Marimekko may disclose Personal Information within the limitations imposed by effective legislation as follows:
- On the basis of a Customer’s consent;
- To companies belonging to the Marimekko group, including trading entities, related and affiliated companies, and to authorized third parties to the extent they participate in the realization of the purposes of use stated in this description of data file and Privacy Policy. Marimekko obliges said parties to keep confidential all Personal Information disclosed to them and to secure such Personal Information in an adequate manner; and
- On the basis of a claim based on mandatory legislation.
Disclosures and transfers inside and outside of Australian and the EU / EEA countries:
- Marimekko may transfer Personal Information inside and outside of Australia and the EU / EEA countries for the realization of the purposes stated in this description of file and Privacy Policy; and
- Marimekko shall disclose or transfer Personal Information outside of Australia and the EU / EEA countries only to such companies, with respect to which Marimekko has ensured an adequate level of data protection in accordance with this Privacy Policy by means of enforceable contractual agreements or otherwise as required by applicable law.
For technical reasons and practical reasons relating to usage, data may be stored on servers of third-party service providers used by Marimekko, or such third-party service providers may process data on behalf of Marimekko. The states, territories or countries to which Marimekko knows Personal Information may be sent include state, territories or countries where Marimekko websites and supporting databases are hosted.
The data transfers are carried out in compliance with applicable law including, where relevant, Privacy Act 1998 (Cth), the Finnish Personal Data Act (523/1999, as amended) and the Directive of the European Parliament and of the Council on Data Protection (95/46/EC).

9. Rights of the Customer

Customers are, within the limitations imposed by applicable law, entitled to a) request access to Personal Information Marimekko has collected of him/her; b) require that any incorrect, inaccurate, useless, incomplete, outdated, irrelevant or misleading or unnecessary Personal Information be corrected or removed; c) prohibit or withdraw consent to Marimekko from processing his/her Personal Information for the purposes of direct marketing, market research and opinion polls, or from providing his/her Personal Information to suppliers, or business associates for the purposes of direct marketing to the Customer d) complain about a breach of any Australian Privacy Principle or registered privacy code that binds Marimekko or this Privacy Policy.
Data subjects may use their above rights by contacting Marimekko at the email addresses stated in the beginning of this description of file.
You may request that we correct any information we hold.
You may complain about a breach of any Australia Privacy Principle that binds us by using the contact form on our website or at the address above.

10. The principles in accordance to which the data file and/or Personal Information has been secured.

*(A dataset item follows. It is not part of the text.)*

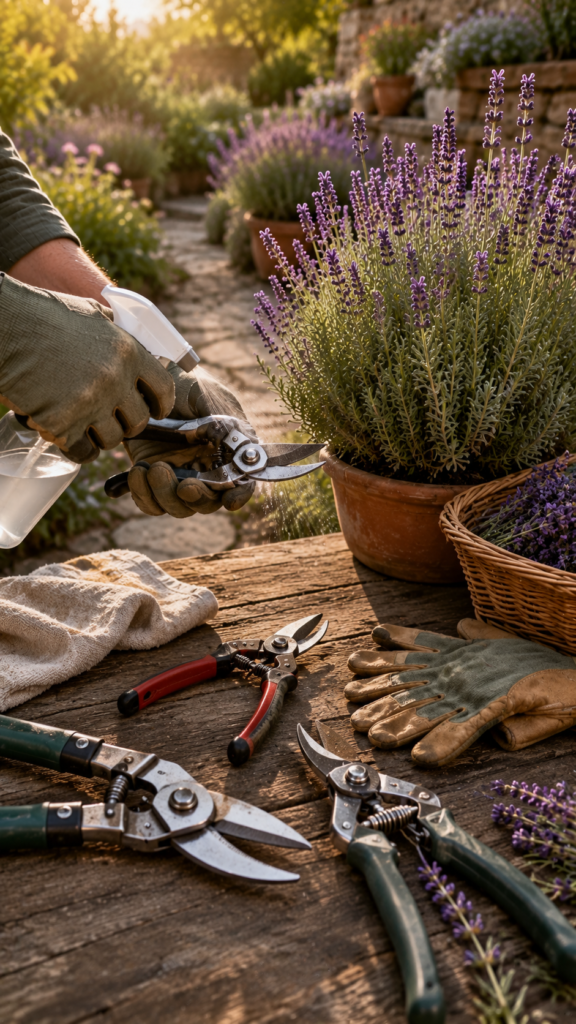 Close-up lavender pruning workspace in a peaceful backyard garden featuring professional gardening tools arranged on a rustic wooden table beside blooming lavender plants. Sharp bypass pruning shears, sturdy anvil pruners, long-handled loppers, a disinfectant spray bottle, and durable gardening gloves are displayed in warm golden-hour sunlight. A gardener wearing gloves carefully sanitizes pruning shears before trimming healthy lavender stems. Vibrant purple lavender flowers and silvery-green foliage glow against a cinematic botanical garden backdrop with terracotta pots, natural stone pathways, and highly detailed metal tool textures, creating an elegant educational gardening atmosphere focused on proper tool care and lavender maintenance.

Tangible material (paper registration forms) is disposed after the data and/or Personal Information has been saved into the register. Before the disposal, the material will be saved in a locked space. Use of the register within the Data Controller’s organisation has been instructed, and access to the personal data and/or Personal Information file is restricted so that access to the information stored in the system and contained in the register and the right to use that information is only vested in those employees of the Data Controller who have such right on the basis of their work assignments. The data processing system is protected by data protection software for the operating system. Access to the system requires that each user of the register enters a user ID and password.